It should also be noted that the system will generally only be used for artificial respiration. However, it is also conceivable that the system according to the invention is used for artificially ventilating animals, wherein one or more additives can be administered pulmonary to a specific animal simultaneously.

In order to be able to position the supply container (and the pressure generating means) at a distance from the person to be ventilated, and more preferably - if present - outside the sterile zone around the person to be ventilated, the length of the administration line must be sufficiently large . The administration line is preferably at least 2 cm, preferably at least 20 cm, more preferably 150 cm, and in particular 250 cm. A longer length of the delivery line will generally improve the freedom of positioning of the storage container. The maximum length of the administration hose is de facto unlimited, but from a practical point of view it will usually not exceed 300 cm.

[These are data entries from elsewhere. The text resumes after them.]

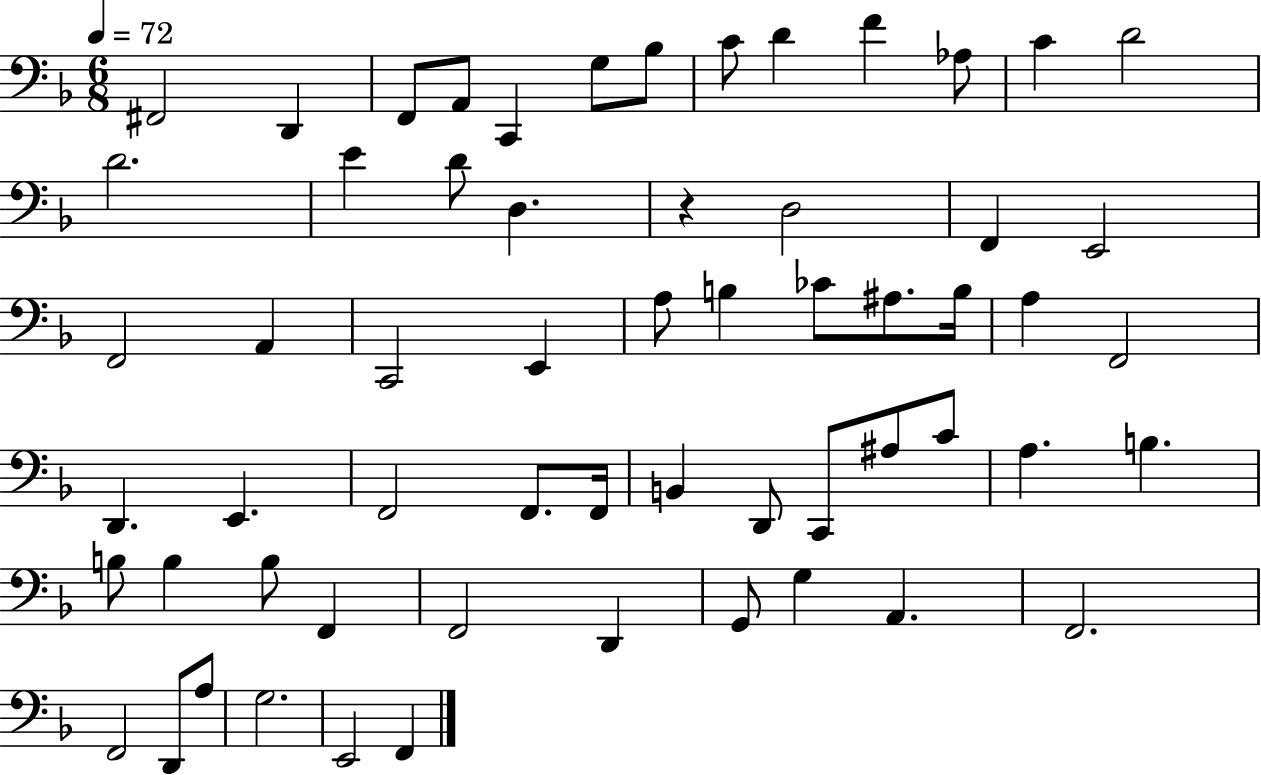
X:1
T:Untitled
M:6/8
L:1/4
K:F
^F,,2 D,, F,,/2 A,,/2 C,, G,/2 _B,/2 C/2 D F _A,/2 C D2 D2 E D/2 D, z D,2 F,, E,,2 F,,2 A,, C,,2 E,, A,/2 B, _C/2 ^A,/2 B,/4 A, F,,2 D,, E,, F,,2 F,,/2 F,,/4 B,, D,,/2 C,,/2 ^A,/2 C/2 A, B, B,/2 B, B,/2 F,, F,,2 D,, G,,/2 G, A,, F,,2 F,,2 D,,/2 A,/2 G,2 E,,2 F,,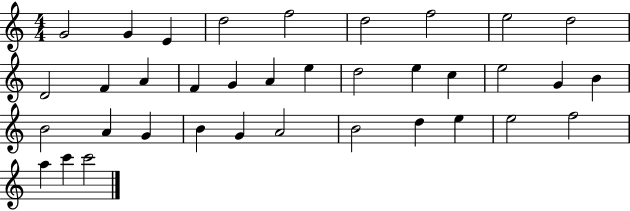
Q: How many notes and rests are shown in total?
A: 36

During operation of the system according to the invention, the delivery hose will generally be substantially completely filled with additive, so that the pressure-generating means can realize a spraying of the additive in a relatively instantaneous manner. By exerting pressure on (substantially liquid) additive present in the supply container, a pressure will also be exerted on additive present in the delivery line, as a result of which a metered amount of additive can be atomized in a relatively accurate and instantaneous manner and can therefore be sprayed. administered. In order to minimize the amount of additive present in the delivery line, the smallest internal diameter of the supply hose is preferably substantially between 0.05 and 2 mm. More preferably, the internal diameter of the delivery line is substantially constant over the length of the delivery line. In a particularly preferred embodiment, the internal diameter of the supply hose is substantially 0.5 mm.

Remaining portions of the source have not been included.